Task prompt: From the first line through the line containing "ノーウェアライクホーム KUURO ネストテーブル", transcribe the records exactly and include no other lines.

Records from a dataset:
..........
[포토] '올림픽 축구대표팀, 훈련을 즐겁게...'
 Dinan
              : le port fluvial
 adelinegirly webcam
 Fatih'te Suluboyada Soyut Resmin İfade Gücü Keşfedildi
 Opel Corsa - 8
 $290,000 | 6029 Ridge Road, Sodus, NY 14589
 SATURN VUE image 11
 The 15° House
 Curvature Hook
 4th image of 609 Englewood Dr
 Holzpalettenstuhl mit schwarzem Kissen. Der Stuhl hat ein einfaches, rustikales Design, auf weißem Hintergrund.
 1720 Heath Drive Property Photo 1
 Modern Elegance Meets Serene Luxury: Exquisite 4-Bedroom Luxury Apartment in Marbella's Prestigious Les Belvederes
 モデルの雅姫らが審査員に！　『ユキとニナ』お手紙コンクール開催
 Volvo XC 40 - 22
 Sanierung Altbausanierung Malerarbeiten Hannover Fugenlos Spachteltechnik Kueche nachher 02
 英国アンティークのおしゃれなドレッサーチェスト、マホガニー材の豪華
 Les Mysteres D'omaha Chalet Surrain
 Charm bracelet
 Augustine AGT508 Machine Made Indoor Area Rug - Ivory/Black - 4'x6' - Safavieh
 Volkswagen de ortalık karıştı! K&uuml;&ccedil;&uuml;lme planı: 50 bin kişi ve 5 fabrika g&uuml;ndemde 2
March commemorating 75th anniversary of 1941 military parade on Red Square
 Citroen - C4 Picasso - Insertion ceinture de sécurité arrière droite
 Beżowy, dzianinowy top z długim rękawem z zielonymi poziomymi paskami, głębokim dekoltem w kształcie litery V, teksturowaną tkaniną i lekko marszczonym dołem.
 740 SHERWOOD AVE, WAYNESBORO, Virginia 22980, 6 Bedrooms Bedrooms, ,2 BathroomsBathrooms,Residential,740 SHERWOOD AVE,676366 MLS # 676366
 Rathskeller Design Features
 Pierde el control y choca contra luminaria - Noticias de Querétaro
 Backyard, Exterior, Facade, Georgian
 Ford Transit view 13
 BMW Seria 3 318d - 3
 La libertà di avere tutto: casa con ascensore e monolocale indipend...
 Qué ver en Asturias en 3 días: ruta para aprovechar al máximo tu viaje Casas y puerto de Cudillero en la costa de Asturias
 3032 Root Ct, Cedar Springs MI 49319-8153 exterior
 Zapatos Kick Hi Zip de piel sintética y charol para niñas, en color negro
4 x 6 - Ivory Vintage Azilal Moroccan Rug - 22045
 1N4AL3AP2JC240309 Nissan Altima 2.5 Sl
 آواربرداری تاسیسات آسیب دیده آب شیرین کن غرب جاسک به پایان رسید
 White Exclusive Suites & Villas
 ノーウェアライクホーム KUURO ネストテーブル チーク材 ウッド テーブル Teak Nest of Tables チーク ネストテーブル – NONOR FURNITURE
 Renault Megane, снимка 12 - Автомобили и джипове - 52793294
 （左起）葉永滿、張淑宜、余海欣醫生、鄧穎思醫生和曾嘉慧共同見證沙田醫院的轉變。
..........
Task output:
[포토] '올림픽 축구대표팀, 훈련을 즐겁게...'
 Dinan
              : le port fluvial
 adelinegirly webcam
 Fatih'te Suluboyada Soyut Resmin İfade Gücü Keşfedildi
 Opel Corsa - 8
 $290,000 | 6029 Ridge Road, Sodus, NY 14589
 SATURN VUE image 11
 The 15° House
 Curvature Hook
 4th image of 609 Englewood Dr
 Holzpalettenstuhl mit schwarzem Kissen. Der Stuhl hat ein einfaches, rustikales Design, auf weißem Hintergrund.
 1720 Heath Drive Property Photo 1
 Modern Elegance Meets Serene Luxury: Exquisite 4-Bedroom Luxury Apartment in Marbella's Prestigious Les Belvederes
 モデルの雅姫らが審査員に！　『ユキとニナ』お手紙コンクール開催
 Volvo XC 40 - 22
 Sanierung Altbausanierung Malerarbeiten Hannover Fugenlos Spachteltechnik Kueche nachher 02
 英国アンティークのおしゃれなドレッサーチェスト、マホガニー材の豪華
 Les Mysteres D'omaha Chalet Surrain
 Charm bracelet
 Augustine AGT508 Machine Made Indoor Area Rug - Ivory/Black - 4'x6' - Safavieh
 Volkswagen de ortalık karıştı! K&uuml;&ccedil;&uuml;lme planı: 50 bin kişi ve 5 fabrika g&uuml;ndemde 2
March commemorating 75th anniversary of 1941 military parade on Red Square
 Citroen - C4 Picasso - Insertion ceinture de sécurité arrière droite
 Beżowy, dzianinowy top z długim rękawem z zielonymi poziomymi paskami, głębokim dekoltem w kształcie litery V, teksturowaną tkaniną i lekko marszczonym dołem.
 740 SHERWOOD AVE, WAYNESBORO, Virginia 22980, 6 Bedrooms Bedrooms, ,2 BathroomsBathrooms,Residential,740 SHERWOOD AVE,676366 MLS # 676366
 Rathskeller Design Features
 Pierde el control y choca contra luminaria - Noticias de Querétaro
 Backyard, Exterior, Facade, Georgian
 Ford Transit view 13
 BMW Seria 3 318d - 3
 La libertà di avere tutto: casa con ascensore e monolocale indipend...
 Qué ver en Asturias en 3 días: ruta para aprovechar al máximo tu viaje Casas y puerto de Cudillero en la costa de Asturias
 3032 Root Ct, Cedar Springs MI 49319-8153 exterior
 Zapatos Kick Hi Zip de piel sintética y charol para niñas, en color negro
4 x 6 - Ivory Vintage Azilal Moroccan Rug - 22045
 1N4AL3AP2JC240309 Nissan Altima 2.5 Sl
 آواربرداری تاسیسات آسیب دیده آب شیرین کن غرب جاسک به پایان رسید
 White Exclusive Suites & Villas
 ノーウェアライクホーム KUURO ネストテーブル チーク材 ウッド テーブル Teak Nest of Tables チーク ネストテーブル – NONOR FURNITURE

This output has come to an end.